▶ **Action item**
Please reproduce exactly, and only, the line containing "this 1024×576 image." and every line after it to the end of the records below, leaving out all pictures.

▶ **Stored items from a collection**
---

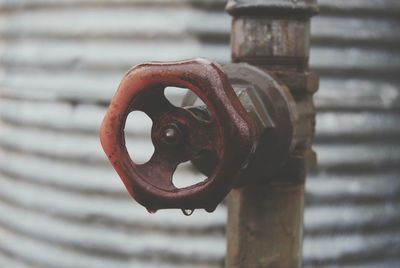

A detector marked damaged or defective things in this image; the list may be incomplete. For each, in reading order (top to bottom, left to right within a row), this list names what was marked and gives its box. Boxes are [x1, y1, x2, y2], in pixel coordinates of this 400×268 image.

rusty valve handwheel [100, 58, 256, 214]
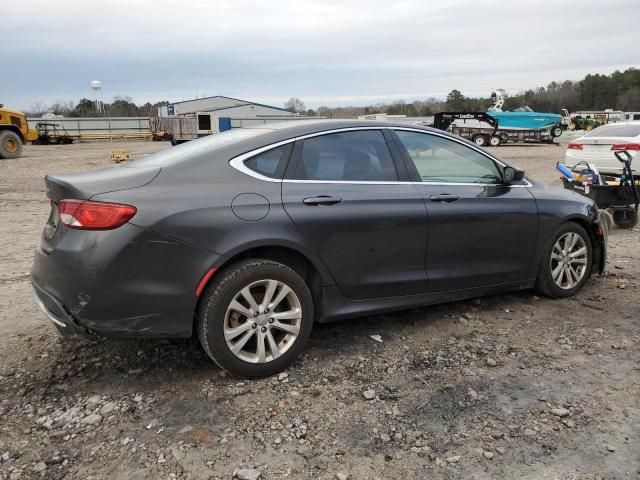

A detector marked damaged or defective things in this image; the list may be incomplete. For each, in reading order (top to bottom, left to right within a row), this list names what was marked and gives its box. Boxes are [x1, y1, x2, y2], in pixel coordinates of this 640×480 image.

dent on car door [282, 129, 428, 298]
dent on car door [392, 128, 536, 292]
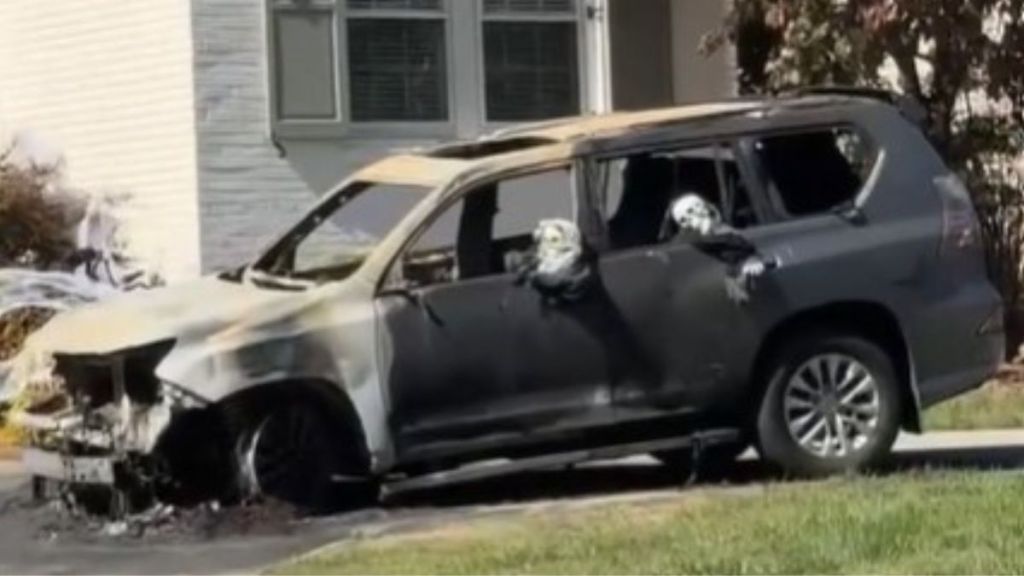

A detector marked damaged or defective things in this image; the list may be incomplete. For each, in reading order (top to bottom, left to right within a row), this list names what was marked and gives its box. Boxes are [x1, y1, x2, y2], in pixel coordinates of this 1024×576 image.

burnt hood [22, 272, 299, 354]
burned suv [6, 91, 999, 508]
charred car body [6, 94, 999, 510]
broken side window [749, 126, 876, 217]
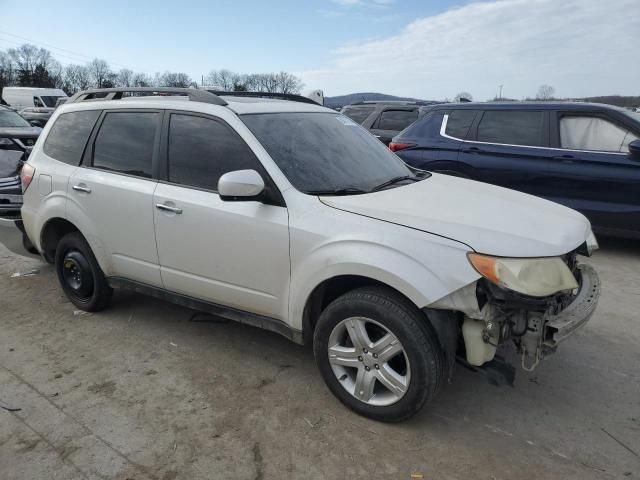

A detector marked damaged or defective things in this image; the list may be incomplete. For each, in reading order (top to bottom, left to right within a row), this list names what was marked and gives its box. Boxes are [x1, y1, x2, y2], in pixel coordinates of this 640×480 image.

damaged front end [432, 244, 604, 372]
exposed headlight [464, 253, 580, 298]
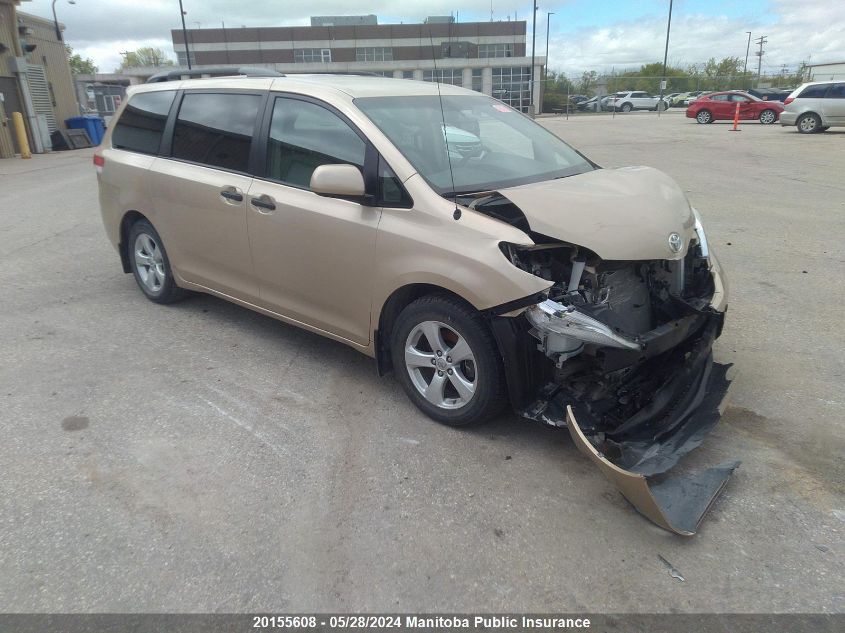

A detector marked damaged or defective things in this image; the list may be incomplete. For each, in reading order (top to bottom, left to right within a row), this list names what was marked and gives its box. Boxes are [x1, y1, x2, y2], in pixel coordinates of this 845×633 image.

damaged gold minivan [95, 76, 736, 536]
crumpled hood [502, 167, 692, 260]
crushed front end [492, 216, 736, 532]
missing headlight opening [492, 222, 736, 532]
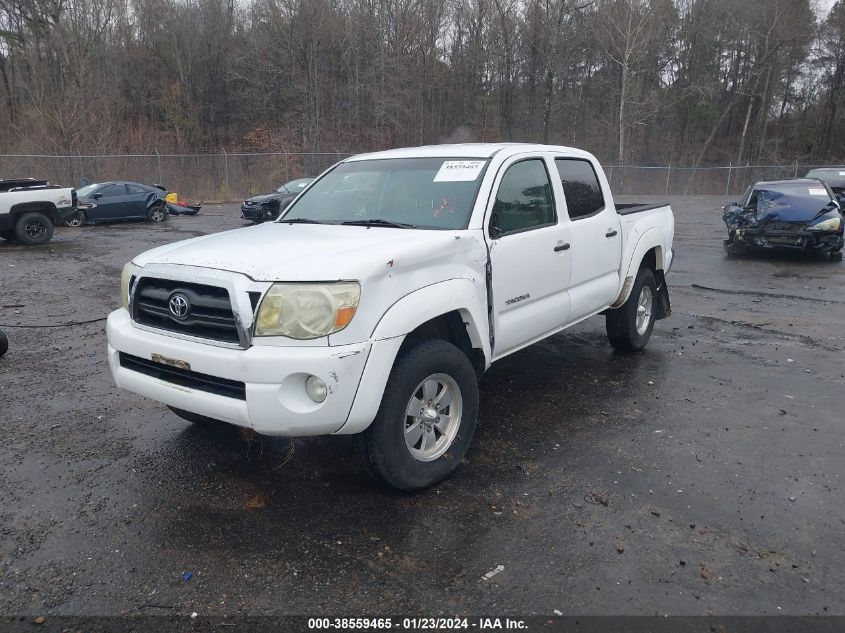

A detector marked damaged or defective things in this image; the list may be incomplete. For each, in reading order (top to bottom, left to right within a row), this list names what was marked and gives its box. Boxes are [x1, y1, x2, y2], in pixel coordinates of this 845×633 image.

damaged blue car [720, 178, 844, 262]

---

▶ **Response**
A detector marked damaged or defective things in this image; the list may be incomplete. For each, in reading order (top to bottom, left to right within a row), this list names what was marked and gives its box. Boxes are [x1, y1, x2, y2], in pixel coordinates of this 1024×576 image.

burnt hood [22, 272, 299, 354]
burned suv [6, 91, 999, 508]
charred car body [6, 94, 999, 510]
broken side window [749, 126, 876, 217]

A detector marked damaged or defective things in this image; the list may be incomplete. For each, in reading order (top to bottom, left to right within a row), this list names what was marked and gives its box. Boxes are [x1, y1, x2, y2], in pixel coordinates of this 640×480 image.

damaged front end [432, 244, 604, 372]
exposed headlight [464, 253, 580, 298]

A detector marked damaged or defective things in this image; the list may be incomplete. For each, in reading order (top to bottom, left to right within a row), this list names what was marked and gives its box. Boxes are [x1, y1, x2, y2], in pixel coordinates of this 845×633 image.

damaged gold minivan [95, 76, 736, 536]
crumpled hood [502, 167, 692, 260]
crushed front end [492, 216, 736, 532]
missing headlight opening [492, 222, 736, 532]

A detector marked damaged or defective things in this image; the list may be incomplete. For each, in reading order (top to bottom, left to right within a row), this list names what was marked and gives its box. Boxes are [x1, y1, x2, y2], in pixel coordinates of this 845×633 image.

damaged blue car [720, 178, 844, 262]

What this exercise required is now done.